Fraternity

RATING:
Fraternity
Fraternity graphic novel review
SAMPLE IMAGE 
SAMPLE IMAGE 
  • North American Publisher / ISBN: Lion Forge - 978-1-94130-251-4
  • Release date: 2011
  • English language release date: 2018
  • UPC: 9781941302514
  • Contains adult content?: no
  • Does this pass the Bechdel test?: no
  • Positive minority portrayal?: yes

Fraternity applies an appealingly strange philosophical context to what becomes a horror story, beginning with an introduction written by Josiah Warren, 19th century polymath. He wistfully regrets the community experiment of New Fraternity in Indiana, set up on principles of everyone being equal, sharing in the work and the success. New Fraternity is located near a maze through canyons, and the superstitious residents believe a demon resides at its centre, sometimes blamed for the community being on the verge of disintegrations after twelve years. Tensions are generated by crop failure and by some pointing out their society is far from an egalitarian ideal as long as the population remains exclusively white with barely any representation for women. Old views are difficult to dislodge, and 1863 is midway through the US Civil War, with all the further divisions that brings.

Five years before the story opened Emile was welcomed into New Fraternity, an orphaned child caught stealing eggs. He’s remained solitary and suspicious, and is treated with outright contempt by some town elders.
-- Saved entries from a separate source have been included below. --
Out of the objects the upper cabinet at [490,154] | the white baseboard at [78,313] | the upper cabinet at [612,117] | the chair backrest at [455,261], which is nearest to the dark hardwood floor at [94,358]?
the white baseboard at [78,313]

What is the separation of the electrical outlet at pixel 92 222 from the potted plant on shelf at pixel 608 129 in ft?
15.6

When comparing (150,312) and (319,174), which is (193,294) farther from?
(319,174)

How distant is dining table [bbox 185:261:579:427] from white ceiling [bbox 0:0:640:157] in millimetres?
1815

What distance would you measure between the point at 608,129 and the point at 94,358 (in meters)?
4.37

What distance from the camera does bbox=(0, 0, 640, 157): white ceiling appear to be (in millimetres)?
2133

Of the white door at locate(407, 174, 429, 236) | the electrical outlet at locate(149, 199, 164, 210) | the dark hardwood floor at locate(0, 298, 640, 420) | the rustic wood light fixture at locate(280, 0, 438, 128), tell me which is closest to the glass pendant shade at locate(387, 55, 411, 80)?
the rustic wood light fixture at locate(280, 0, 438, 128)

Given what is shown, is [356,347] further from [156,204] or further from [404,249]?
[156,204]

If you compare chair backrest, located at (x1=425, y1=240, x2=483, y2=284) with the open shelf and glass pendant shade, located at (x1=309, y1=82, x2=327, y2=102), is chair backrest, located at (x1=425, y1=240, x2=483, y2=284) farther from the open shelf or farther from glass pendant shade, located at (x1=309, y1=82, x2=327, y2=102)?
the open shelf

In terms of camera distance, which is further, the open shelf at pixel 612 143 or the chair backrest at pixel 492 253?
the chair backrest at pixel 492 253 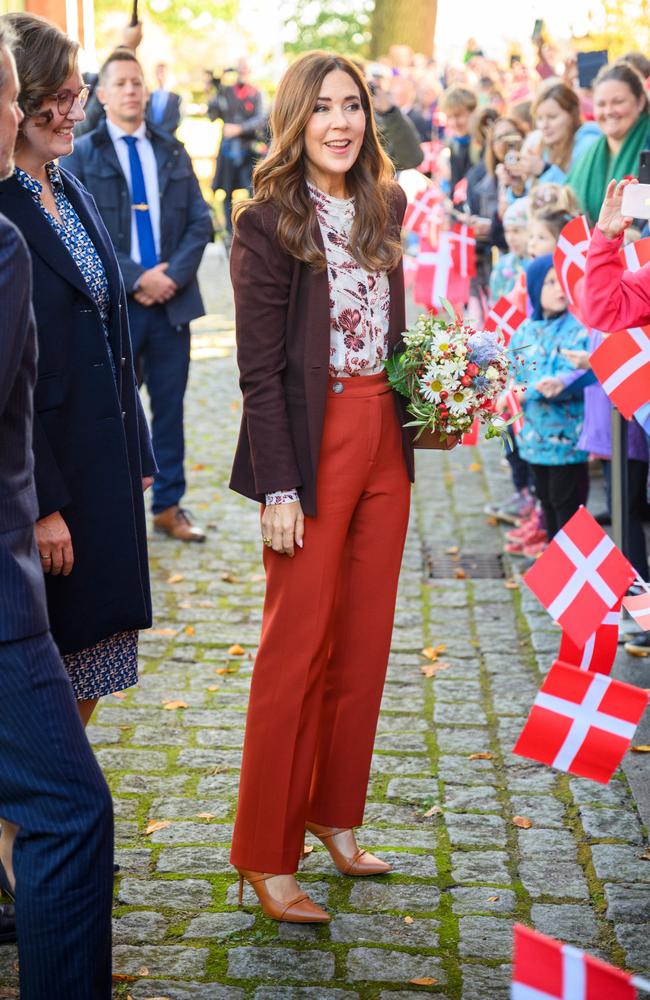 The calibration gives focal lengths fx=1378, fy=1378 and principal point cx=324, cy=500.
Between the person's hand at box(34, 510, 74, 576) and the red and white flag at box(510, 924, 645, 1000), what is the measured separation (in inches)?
69.0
What they don’t know is that he has a very powerful friend in the forest.

Juan Díaz Canales and José-Luis Munera spend over half the book exploring the various tensions experienced by New Fraternity, and for all the idealism of the background, it’s far from captivating reading. The petty squabbles explain a community dividing, but too few of the featured characters have a purpose other than throwing a viewpoint into the mix, and the true heart of the story is a long time in coming.

As seen on the sample pages, a lovely Eisneresque looseness characterises Munera’s art. His people are caricatured according to personality, with many downbeat and mournful, and he has a fine way with an evocative image such as the unfinished building and poor weather reflecting the prevaling mood. The blue and brown washes used to colour Fraternity feed into this, displaying a community shrouded in gloom. Munera’s design for the creature that eventually appears is suitably vague and a distortion of humanity, yet also powerful and savage when necessary.

Canales appears to be making a point that no matter how enlightened humanity believes itself to be, at heart we all harbour some prejudice. In New Harmony very few people can associate their own behaviour with the negative aspects of the society, and they’re blind to the prospect of hope represented by Emile’s relationship with the creature being the one spark. Unfortunately for all that, everything devolves into a familiar villagers with pitchforks and torches hunting the monster scenario, with the added layer of their behaviour being the extinguishing of hope for their community. It’s odd that everything is so laboured, as on other projects Canales has been an insightful writer and demonstrated fine plot structuring, but for all the novelty of the background it’s only really Munera’s contribution that captivates.